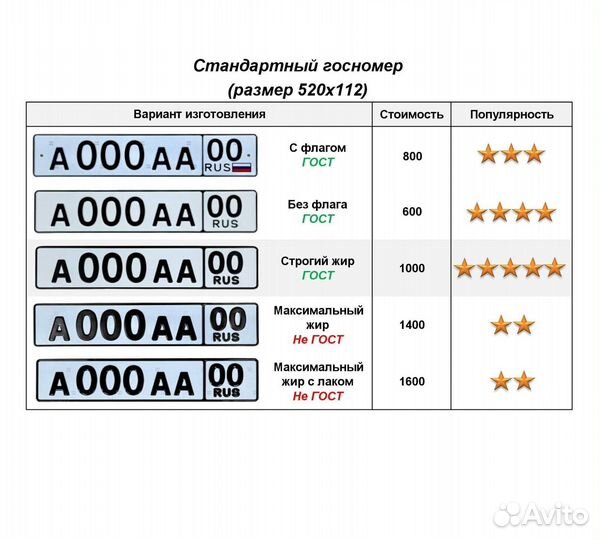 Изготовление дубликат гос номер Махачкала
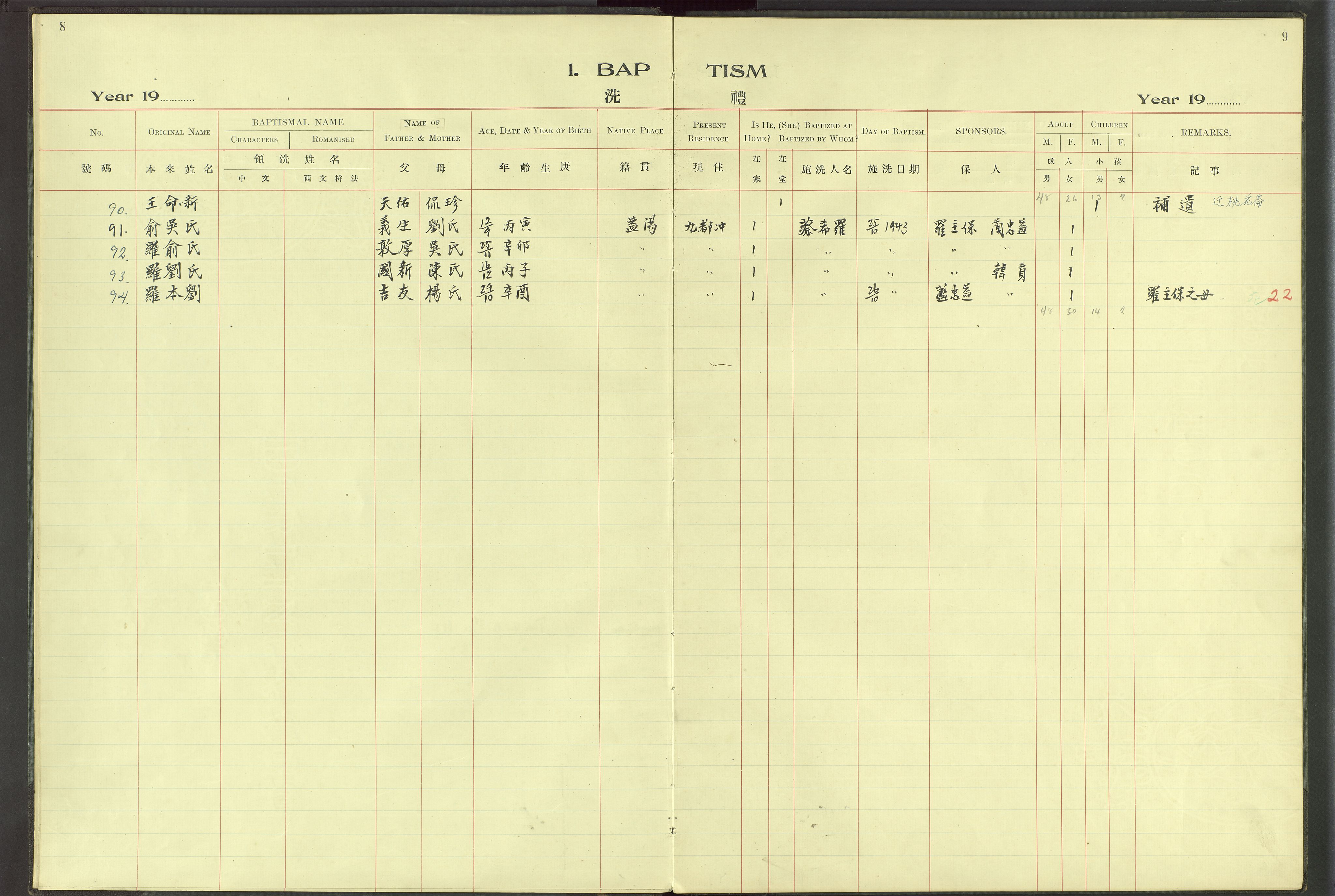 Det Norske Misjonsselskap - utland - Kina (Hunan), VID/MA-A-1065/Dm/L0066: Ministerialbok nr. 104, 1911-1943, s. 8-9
==
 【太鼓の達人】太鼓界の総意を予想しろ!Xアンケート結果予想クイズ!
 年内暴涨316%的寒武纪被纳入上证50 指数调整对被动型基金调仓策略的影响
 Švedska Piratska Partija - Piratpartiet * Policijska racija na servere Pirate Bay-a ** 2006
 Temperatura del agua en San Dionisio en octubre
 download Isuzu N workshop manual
--
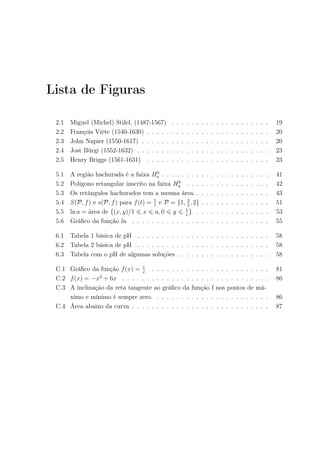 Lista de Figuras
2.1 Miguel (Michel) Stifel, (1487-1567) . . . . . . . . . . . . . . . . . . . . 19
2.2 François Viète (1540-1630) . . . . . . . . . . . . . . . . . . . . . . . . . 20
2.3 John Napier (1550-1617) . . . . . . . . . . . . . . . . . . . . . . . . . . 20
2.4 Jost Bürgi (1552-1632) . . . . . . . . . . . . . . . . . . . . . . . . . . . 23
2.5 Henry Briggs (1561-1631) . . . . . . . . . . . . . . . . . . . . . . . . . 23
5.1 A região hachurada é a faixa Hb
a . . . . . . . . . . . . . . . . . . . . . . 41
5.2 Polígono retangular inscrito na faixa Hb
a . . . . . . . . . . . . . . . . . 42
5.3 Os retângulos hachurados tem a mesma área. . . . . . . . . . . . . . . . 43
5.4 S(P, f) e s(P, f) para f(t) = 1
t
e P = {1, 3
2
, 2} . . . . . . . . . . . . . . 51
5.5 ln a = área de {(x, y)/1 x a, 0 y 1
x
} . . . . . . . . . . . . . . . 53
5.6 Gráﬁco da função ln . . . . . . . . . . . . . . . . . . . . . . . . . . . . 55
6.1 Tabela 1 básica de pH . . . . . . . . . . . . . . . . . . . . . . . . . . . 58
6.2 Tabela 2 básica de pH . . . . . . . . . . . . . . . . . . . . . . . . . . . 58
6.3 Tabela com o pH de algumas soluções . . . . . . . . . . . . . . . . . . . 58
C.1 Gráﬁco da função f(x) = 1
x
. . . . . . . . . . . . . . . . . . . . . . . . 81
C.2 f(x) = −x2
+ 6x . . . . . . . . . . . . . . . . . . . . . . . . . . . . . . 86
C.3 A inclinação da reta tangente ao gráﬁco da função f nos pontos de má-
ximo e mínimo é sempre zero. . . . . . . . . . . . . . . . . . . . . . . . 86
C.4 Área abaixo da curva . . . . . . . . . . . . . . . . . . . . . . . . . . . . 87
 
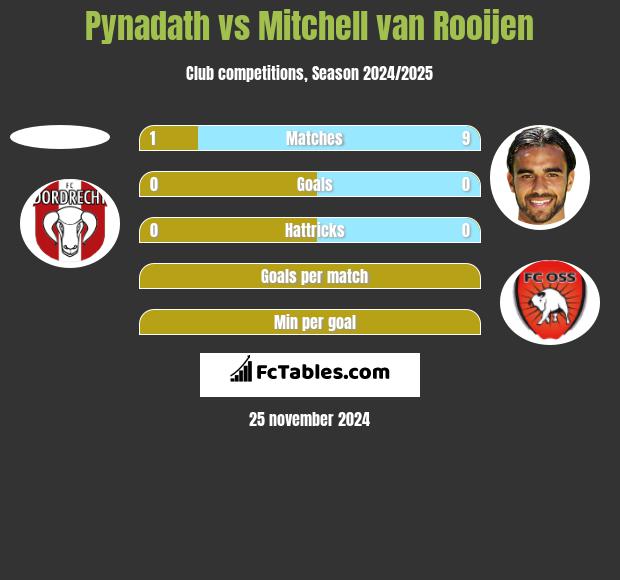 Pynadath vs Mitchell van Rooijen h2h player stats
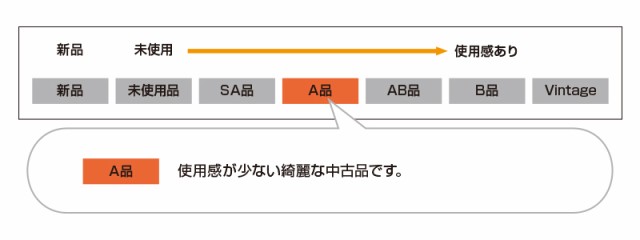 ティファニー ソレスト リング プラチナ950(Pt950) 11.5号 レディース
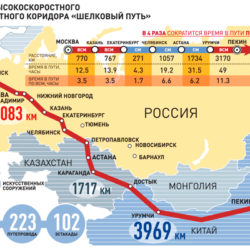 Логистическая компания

Exercise brief:
Copy the listing above exactly, but only from the line with "Изготовление дубликат гос номер Махачкала" through the line with "Det Norske Misjonsselskap", including those two lines and excluding any picture.

Exercise response:
 Изготовление дубликат гос номер Махачкала
 Det Norske Misjonsselskap - utland - Kina (Hunan), VID/MA-A-1065/Dm/L0066: Ministerialbok nr. 104, 1911-1943, s. 8-9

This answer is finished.